Yang istimewa, setiap pembeli kain batik akan mendapat sertifikat kepemilikan dengan keterangan motifnya. Lulut, 48 tahun, menuturkan sertifikat itu sebagai penanda keaslian batik sekaligus bukti sang pelanggan telah berperan melestarikan ekosistem mangrove. Sebab, ujar dia, sebagian laba penjualan batik disisihkan untuk penanaman mangrove. "Saya tidak ingin hanya manfaat ekonomi, tapi juga konservasi," kata pencipta batik mangrove itu.

Lulut mengatakan motif batik mangrove tak boleh meniru motif batik yang sudah ada. Karena itu, perempuan yang dikenal sebagai aktivis lingkungan ini rajin mengeksplorasi corak-corak baru di rumahnya, yang dijadikan pusat perajin batik mangrove.

Batik mangrove merupakan pendatang baru di kancah perbatikan Indonesia. Sejak dikembangkan pada 2007, batik jenis ini telah memiliki ribuan pakem desain dengan formula pewarna mangrove. Pakem-pakem itulah yang menjadi acuan terciptanya beragam motif turunannya. Bekas Kepala SMA/SMK Panglima Sudirman Surabaya itu mengatakan ada desainer khusus yang bertugas menemukan motif dan pakem baru setiap hari.

Saking cintanya pada mangrove, Lulut mencantumkan jenis mangrove beserta nama ilmiahnya dalam bahasa Latin pada setiap motif yang dirilis. Misalnya motif Aegiceras corniculatum (kacang-kacang), Avicennia alba (api-api hitam), Bruguiera cylindrica (bakau putih), Lumnitzera racemosa (teruntum putih), Acanthus ilicifolius (jeruju putih), Xylocarpus granatum (nyirih), Pandanus tectorius (pandan laut), dan Acrostichum aureum (paku laut). "Sekarang sudah ada 1.010 pakem," ujarnya.

Ide kreatif Lulut muncul ketika ia gelisah melihat mangrove yang rusak. Pada 2000, dia mulai bereksperimen membuat produk olahan mangrove. Awalnya Lulut berkutat pada sabun dan minuman.

Tujuh tahun kemudian, ketika penebangan mangrove sedang parah-parahnya di pantai timur Surabaya, dia menemukan formula pewarna kain dari buah bakau. Ia hanya memanfaatkan buah mangrove yang sudah jatuh. Komunitas perajin batik binaan Lulut harus berpegang pada pakem itu. Yang menyalahi pakem dikenai denda menanam 250 pohon mangrove.
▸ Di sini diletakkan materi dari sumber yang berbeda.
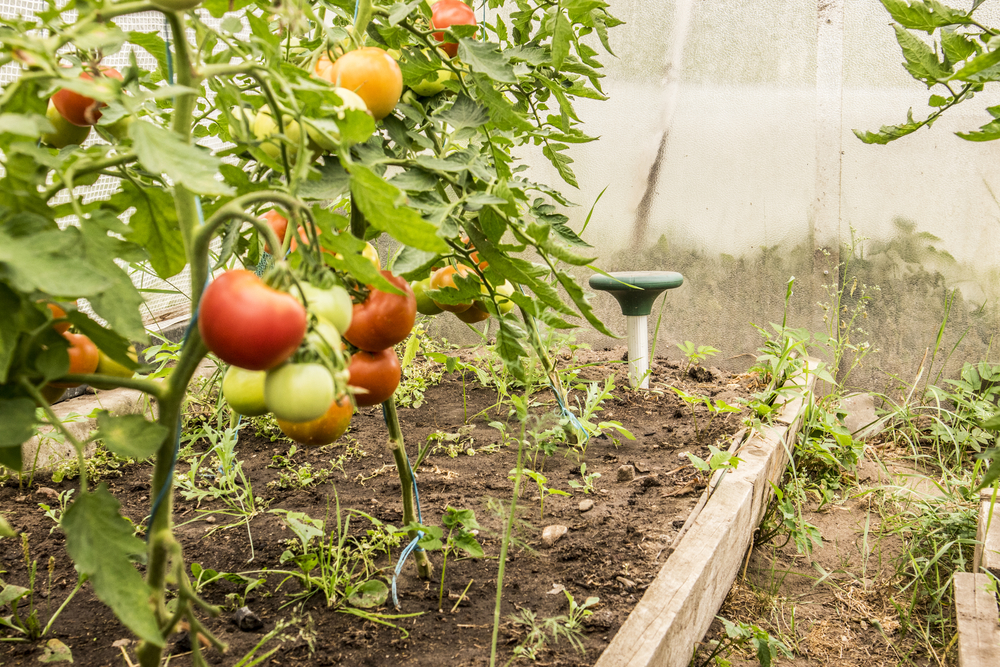 The best mole repellent option placed in a garden next to tomato plants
Pembuatan batik mangrove berhasil menggugah masyarakat dan pemerintah untuk terlibat upaya konservasi. Setidaknya, kata Lulut, bisa membuat mereka sadar bahwa mangrove perlu diselamatkan. Atas kegigihannya melestarikan mangrove di kawasan pantai timur Surabaya, Lulut dianugerahi Kalpataru kategori perintis lingkungan dari Presiden Susilo Bambang Yudhoyono pada 2011.
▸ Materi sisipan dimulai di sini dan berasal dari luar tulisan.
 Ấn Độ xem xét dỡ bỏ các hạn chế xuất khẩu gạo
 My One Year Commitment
Kini ada 100 pengusaha batik di bawah binaan Lulut, yang melibatkan 400 perajin. Mereka tersebar di Mojokerto, Malang, Bangkalan, Probolinggo, Pasuruan, dan Surabaya. Setiap binaan wajib membentuk plasma di sekitar tempat tinggal mereka.

Batik mangrove pun sudah mendunia. Kini pembelinya bukan cuma warga lokal. Kedutaan Amerika Serikat dan Prancis pun belajar dan membeli batik mangrove. Lulut punya target dalam tiga tahun ke depan dia ingin membangun usaha tekstil sendiri.
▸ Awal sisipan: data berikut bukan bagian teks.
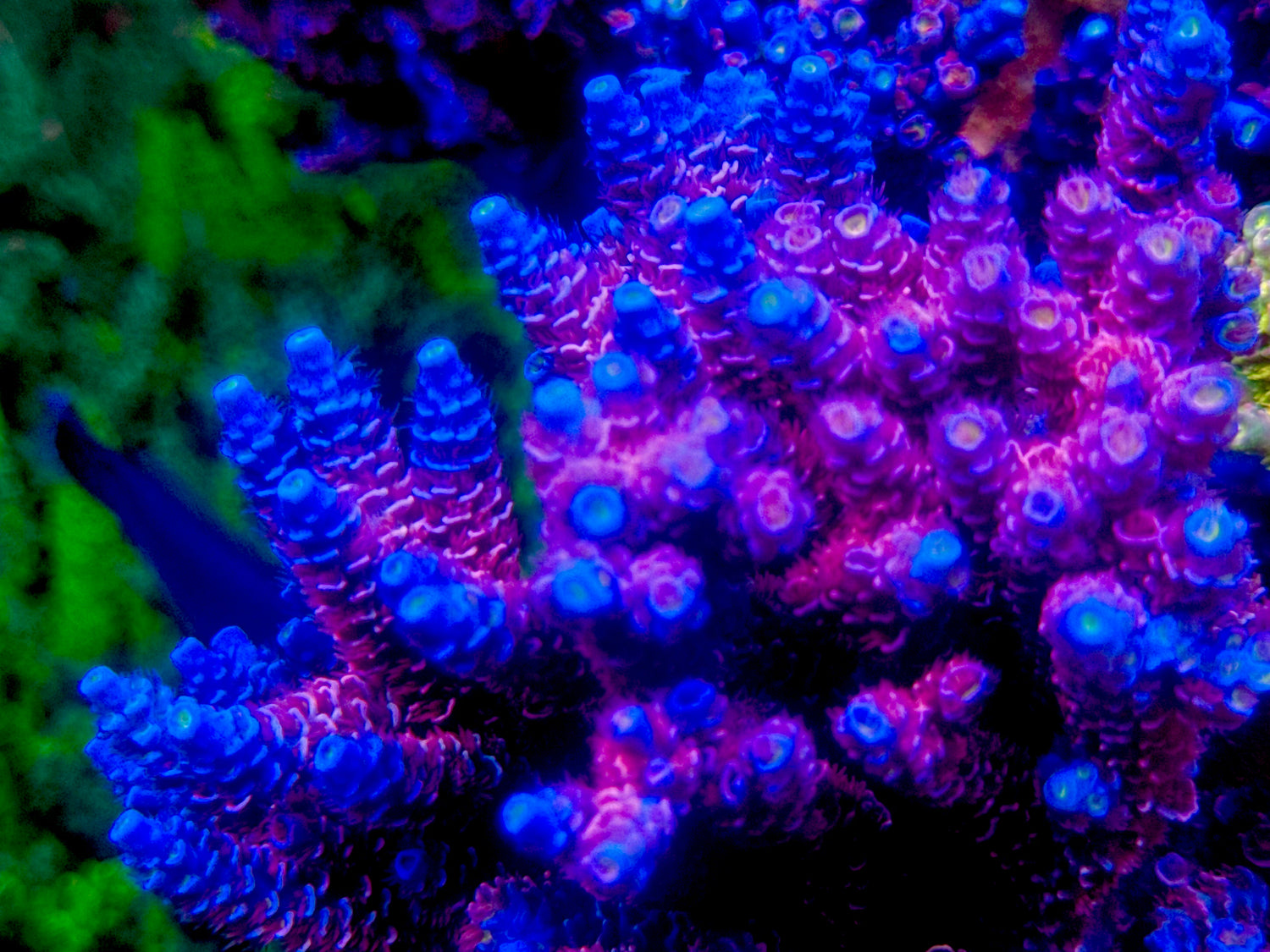 TGC Grave Digger Tenuis Acropora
Selama ini, ujar dia, Surabaya dianggap tak punya tradisi batik yang benar-benar menjadi warisan Kota Pahlawan. Mangrove memang tumbuh di sejumlah daerah, tapi hanya di Surabaya limbah mangrove dimanfaatkan untuk batik. Komunitas Kedung Baruk juga memanfaatkan mangrove untuk membuat produk lain, seperti mi pangsit, sirop, sabun, sampo, pembersih lantai, dan kerajinan tangan.

Pemerintah Kota Surabaya sangat antusias membantu promosi batik mangrove sebagai batik khas Surabaya. "Sejak tiga tahun lalu, kami sudah melakukan pembinaan, pameran, dan promosi supaya batik ini lebih dikenal," ucap Pelaksana Tugas Kepala Dinas Perdagangan dan Perindustrian Kota Surabaya Eko Agus Supiadi.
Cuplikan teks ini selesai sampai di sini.